**What the task asks**
Transcribe the records that follow in their entirety, omitting any pictures.

**Input**
————————

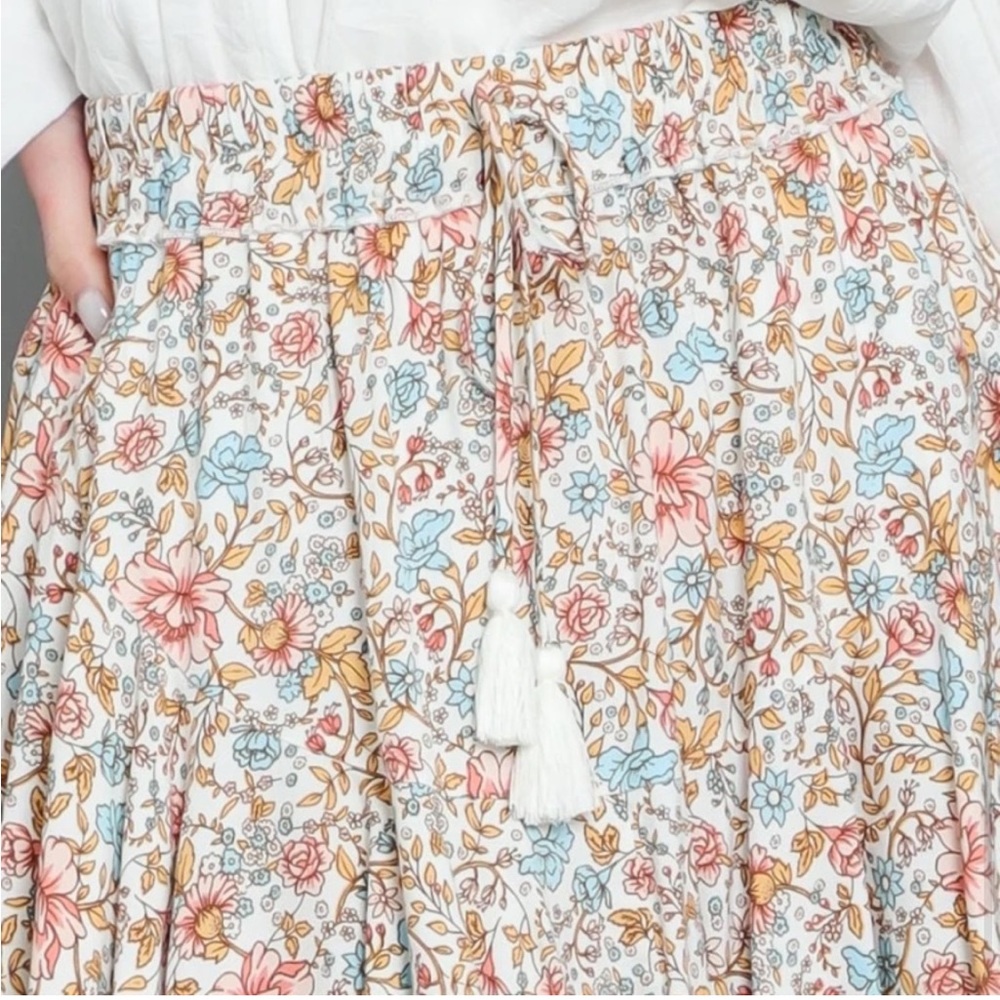 Lightweight Floral Ruffle Mini Skirt‎ - Picture 3 of 7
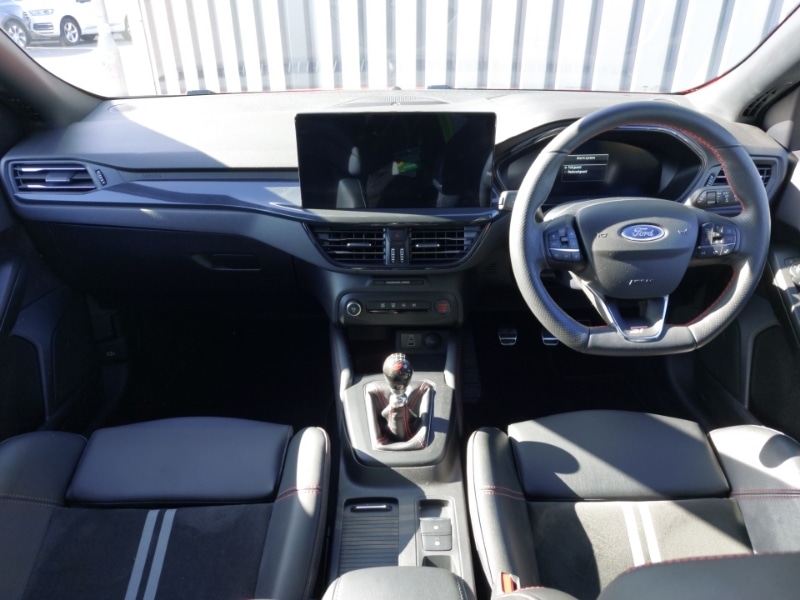 Used Ford Focus 2023 for sale - 77922815: Photo 2
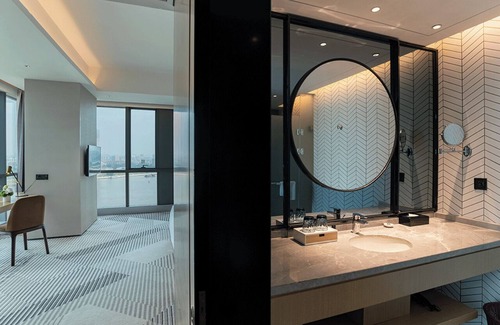 Pazhou Residential District Hotel | Discover La Yarda Hotel Guangzhou: Family-Friendly Retreat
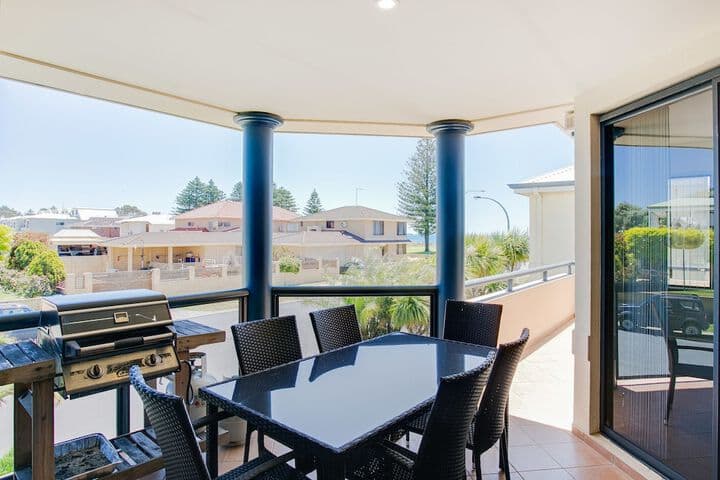 Seahaven Villas by Rockingham Apartments photo 5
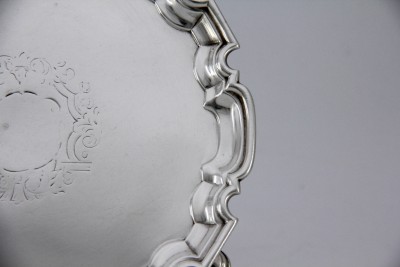 Petit plateau tripode en argent massif d'époque George II - John Tuite, Londres, 1731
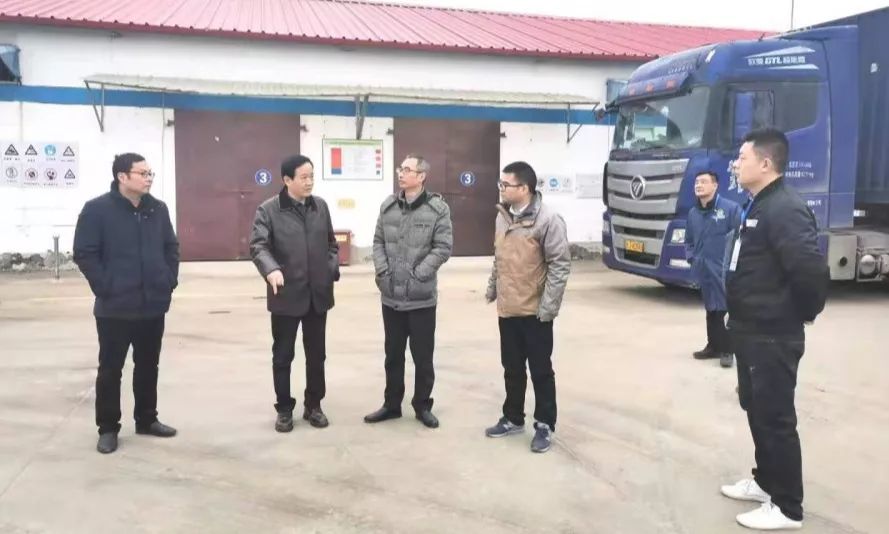 季如干先后来到扎下镇喜庆烟花爆竹批发公司,乐纺服饰,汤涧镇大江加油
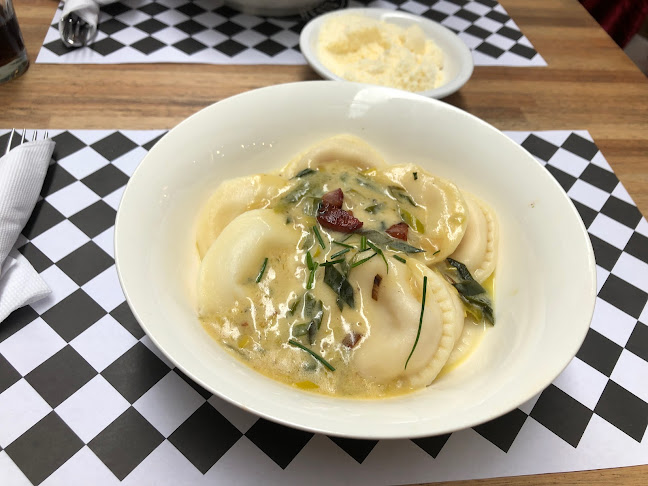 MENGANA CAFÉ RESTÓ (Paseo del Este) - Gastronomía y hostelería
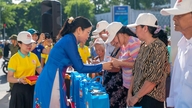 50 anos da cidade de Ho Chi Minh: disseminando atos de bondade e projetos ecológicos.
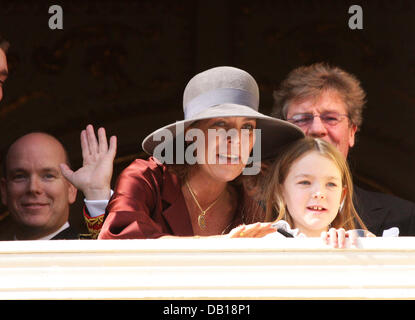 (L-R) Fürst Albert II von Monaco, Prinzessin Caroline von Monaco und Hannover und ihre Tochter Prinzessin Alexandra von Hannover Lächeln aus dem Balkon, die Teilnahme an einer Parade zu Monacos Nationalfeiertag Zeremonien in Monte Carlo, Monaco, 19. November 2007. Foto: Albert Nieboer (Niederlande) Stockfoto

————————

**Answer for the task**
 Lightweight Floral Ruffle Mini Skirt‎ - Picture 3 of 7
 Used Ford Focus 2023 for sale - 77922815: Photo 2
 Pazhou Residential District Hotel | Discover La Yarda Hotel Guangzhou: Family-Friendly Retreat
 Seahaven Villas by Rockingham Apartments photo 5
 Petit plateau tripode en argent massif d'époque George II - John Tuite, Londres, 1731
 季如干先后来到扎下镇喜庆烟花爆竹批发公司,乐纺服饰,汤涧镇大江加油
 MENGANA CAFÉ RESTÓ (Paseo del Este) - Gastronomía y hostelería
 50 anos da cidade de Ho Chi Minh: disseminando atos de bondade e projetos ecológicos.
 (L-R) Fürst Albert II von Monaco, Prinzessin Caroline von Monaco und Hannover und ihre Tochter Prinzessin Alexandra von Hannover Lächeln aus dem Balkon, die Teilnahme an einer Parade zu Monacos Nationalfeiertag Zeremonien in Monte Carlo, Monaco, 19. November 2007. Foto: Albert Nieboer (Niederlande) Stockfoto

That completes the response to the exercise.